Note: These functions are called from another module. If you’re the player Tunneling, you play the animation in module:Ability3. If you’re not, you skip that part. ability3_exitVisible() is called only for the players not doing the Tunneling, to make the exit tunnel visible at the appropriate time. If you’re the one Tunneling, you play the animation, anchor your own root, teleport at the appropriate keyframe, then un-anchor yourself when you exit.
I think i’d need to do some hands on testing to see the issue. In the GIF everything seems fine for the localplayer, with the issue appearing for the enemy (player 2) who sees the camera float to the other.
EDIT: Oh I see the issue, on the client it plays the animation while teleporting (i.e on both ends) while on other clients (i.e enemy) it plays it all on one then shifts you. Most likely as your character is anchored so it causes weird replication.
I feel as if your response was a little condescending.
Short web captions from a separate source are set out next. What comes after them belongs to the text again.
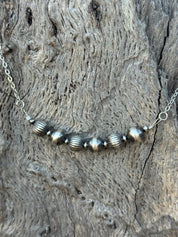 Sterling Silver Textured Bead Chain Necklace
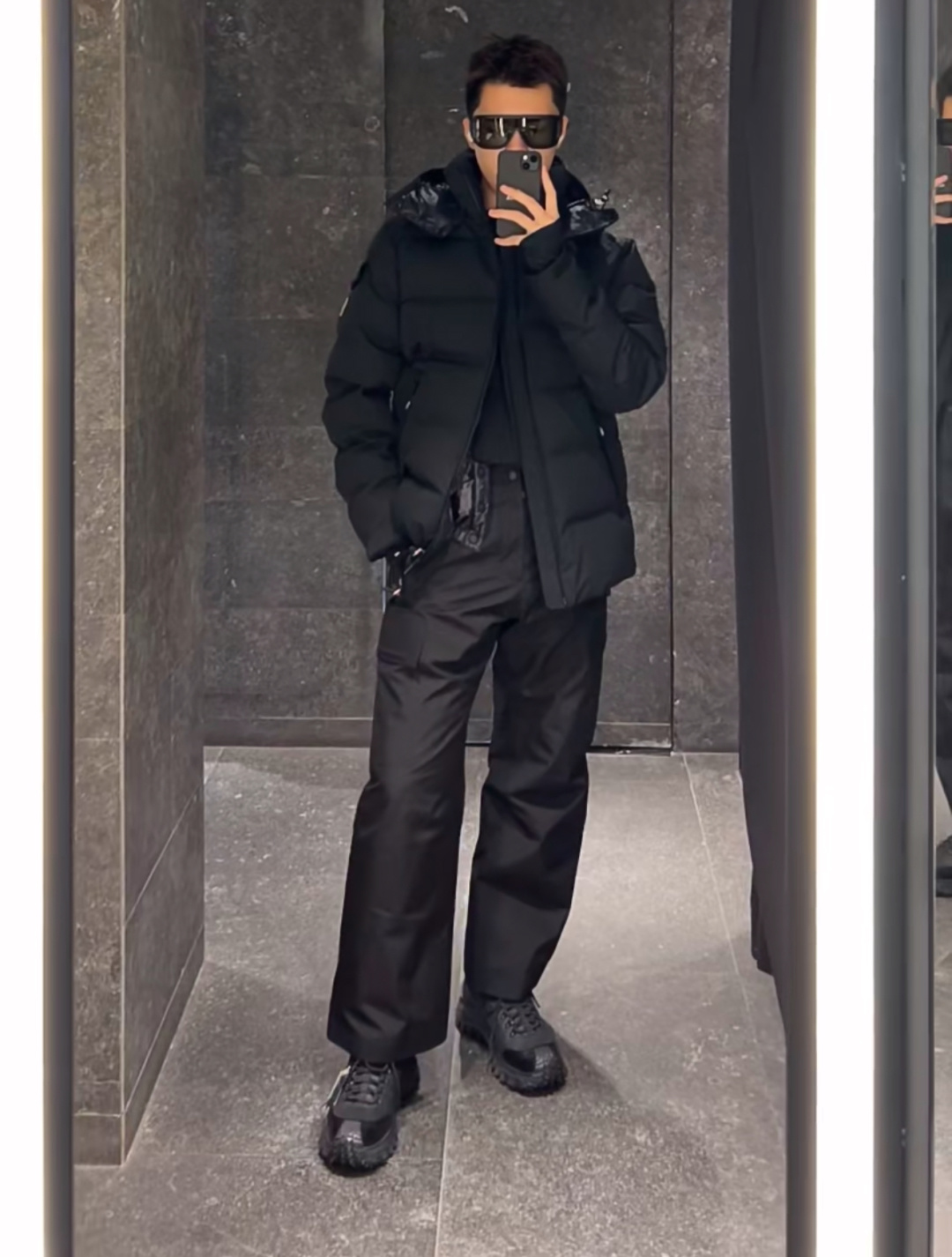 上身效果｜Moncler Montgetech高端男士短款羽绒夹克外套.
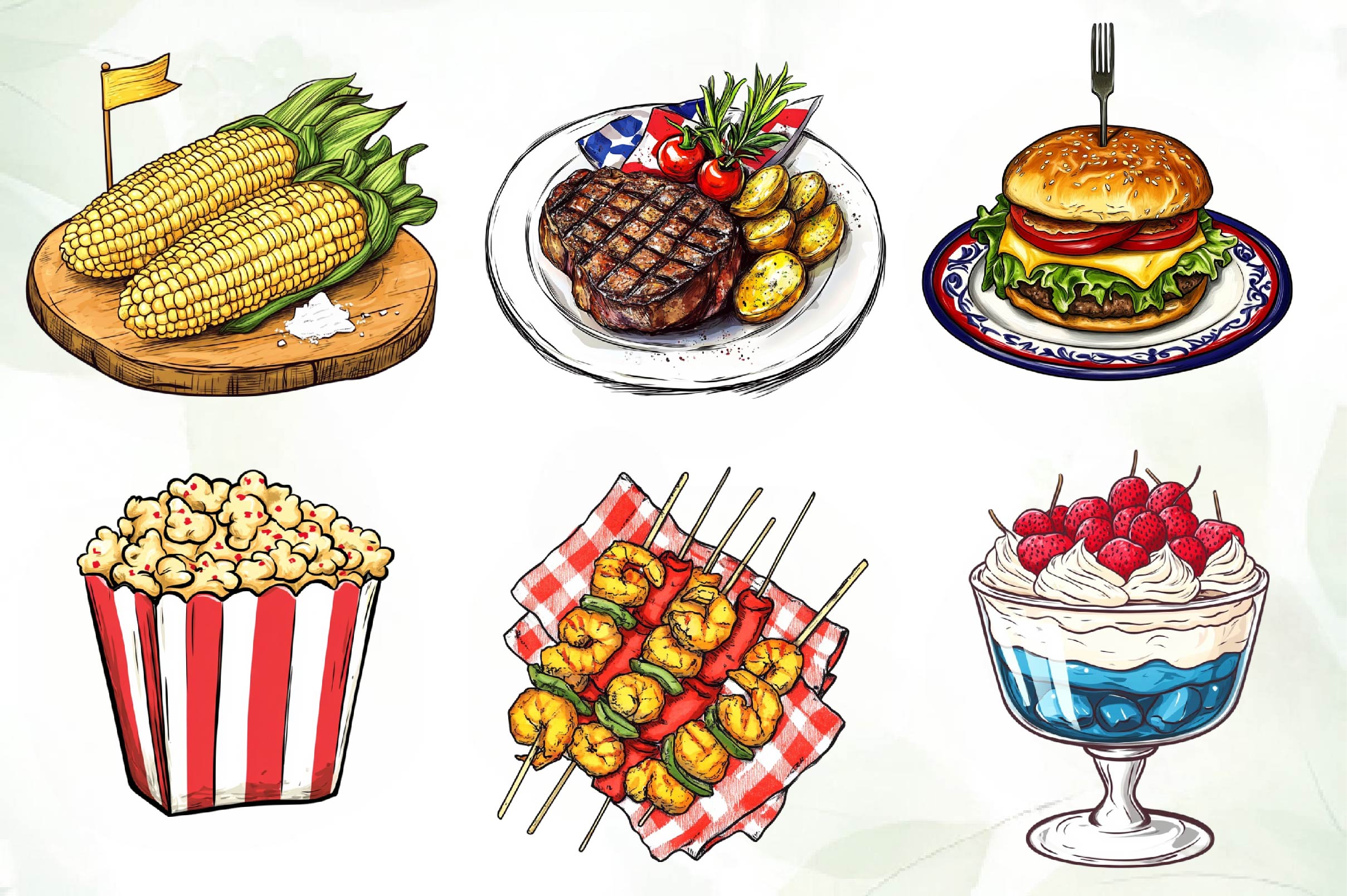 4th Of July Food Clipart Bundle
I’m aware of what lag is, and I feel like it’s pretty clear the issue isn’t simply latency based on the code I provided, the description of the code, and the video depicting a very long delay between the teleports.
Apparently the issue ended up being that parts anchored on the client’s end don’t replicate across the server to other clients. In this case I’m anchoring the player’s root on the client, so it doesn’t replicate until I un-anchor the root again at the end of the animation. Lag is not the answer in this particular case. This has been fixed by moving the anchoring process to the Server module.
For anyone looking back at this. Remote Events aren’t themselves exploitable - if you assume the data the client is giving you is “truth” then you can open yourself up to abuse though.
For instance in RoCitizens they used to have an issue where they accepted however much money the client said it deserved as “Truth”. But as long as you validate receiving data and make sure you’re working off a Server Authorative Model, you’re fine.